Regular OSAlert readers will notice we’ve had a drop-off in original articles over the past year or so. That’s something we’d like to change. We’d like to encourage OSAlert readers to submit articles by staging a contest wherein the best articles will be judged by OSAlert staff and readers, and the winners will receive valuable prizes. All submitted articles that meet our submission guidelines will be published at OSAlert. In addition to wanting articles to publish, this is also a talent search of sorts. We’re hoping to identify talented OSAlert readers to fill the ranks as editors and regular contributors. If you think you have the skills and desire to be a part of OSAlert, please enter the contest, or just contact us. Read more for details on the contest.
The contest officially begins today and will continue for 30-45 days, depending on how many submissions we receive. Submissions will be edited and published as soon as possible, with the goal of having one published each weekday. We’ll keep our readers posted about how many submissions we’ve received
The quantity of the prizes will vary, but will include a mix of cash value (i.e. Amazon Gift Certificate) and merchandise prizes.
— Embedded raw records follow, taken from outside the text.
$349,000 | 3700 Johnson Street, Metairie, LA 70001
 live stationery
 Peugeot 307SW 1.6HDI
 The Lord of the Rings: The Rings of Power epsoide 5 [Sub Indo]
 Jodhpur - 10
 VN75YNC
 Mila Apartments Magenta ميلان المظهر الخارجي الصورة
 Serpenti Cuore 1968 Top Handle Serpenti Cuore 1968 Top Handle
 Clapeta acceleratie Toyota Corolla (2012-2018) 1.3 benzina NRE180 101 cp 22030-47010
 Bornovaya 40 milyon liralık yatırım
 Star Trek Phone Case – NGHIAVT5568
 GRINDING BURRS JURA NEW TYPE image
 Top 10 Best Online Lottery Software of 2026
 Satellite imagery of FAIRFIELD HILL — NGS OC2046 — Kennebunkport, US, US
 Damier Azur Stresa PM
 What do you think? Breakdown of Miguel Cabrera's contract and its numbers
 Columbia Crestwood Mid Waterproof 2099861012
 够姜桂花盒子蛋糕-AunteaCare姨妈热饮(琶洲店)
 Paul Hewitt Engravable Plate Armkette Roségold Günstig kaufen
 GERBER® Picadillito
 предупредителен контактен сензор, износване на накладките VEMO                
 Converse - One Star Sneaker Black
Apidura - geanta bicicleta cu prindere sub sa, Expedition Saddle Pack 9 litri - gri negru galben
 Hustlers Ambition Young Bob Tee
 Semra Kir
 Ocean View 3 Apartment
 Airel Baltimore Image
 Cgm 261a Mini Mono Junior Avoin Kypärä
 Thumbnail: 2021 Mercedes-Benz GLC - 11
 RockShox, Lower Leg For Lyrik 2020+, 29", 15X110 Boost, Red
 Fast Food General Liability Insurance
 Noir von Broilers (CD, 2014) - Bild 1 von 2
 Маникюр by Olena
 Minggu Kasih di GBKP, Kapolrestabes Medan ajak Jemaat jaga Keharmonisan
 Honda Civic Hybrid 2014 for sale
We hope that there are enough submissions to merit a total prize value of over $1000. We reserve the right to substitute prizes in the case of winners in countries where it’s too expensive to ship a heavy merchandise prize. We’re currently soliciting prize contributions, so if you work for a company that makes a product that would be of interest to OSAlert readers, contact us if you can donate one, and we’ll make sure it gets a lot of exposure when we announce the prizes.
Suggestions
The only type of article that we’d discourage participants from submitting is an opinion piece. Although we do publish opinion stories and editorials, we’re looking for substantive reporting, not rants. You are free to opinionate, but we’ll warn you that if your submission is just a rant, it’s likely to be rejected.
If you have an idea for a story, but you’re not sure whether we’d like it, let me give you some advice I wish someone else gave me when I started college: it’s not cheating to get the person who’s going to be judging your work to pre-judge it before the deadline. If you have an idea or a rough outline, send it in with the subject “contest entry outline” or “contest entry idea” and we’ll be happy to tell you whether we think it’s a good one, and even help you flesh out your idea. We’re all in this together!
The major categories of articles we publish are:
Reviews (software, hardware, book, etc)
In-depth news reporting (covering a release, event, or industry trend)
Interviews (with developers or company heads and spokespeople),
So review the latest version of your favorite OS or computing device. Or review the latest computing-related book you read. Been to an interesting trade show in the past couple of weeks? Let’s hear about it! Do you admire someone in the OS world? Send them an email and ask for an interview! Do you have some ideas on where computing is headed or where it is now? Flesh that out to feature-length!
We will be judging completely subjectively based on many factors, including: quality, depth, readability/clarity, grammar, and uniqueness. If the articles are worthwhile and different enough, we may accept similar stories, for example, two reviews of the same OS. We’ll also have at least one “people’s choice” prize, based on how may “recommend” votes it gets.
Rules
Here are some of the specifics:
- Your article must be written in English.
- We reserve the right to edit any submissions for clarity. If we feel the need to do major editing, we’ll get your approval first.
- The work must be original work written expressly for OSAlert. Articles previously published elsewhere, including your blog, are not eligible.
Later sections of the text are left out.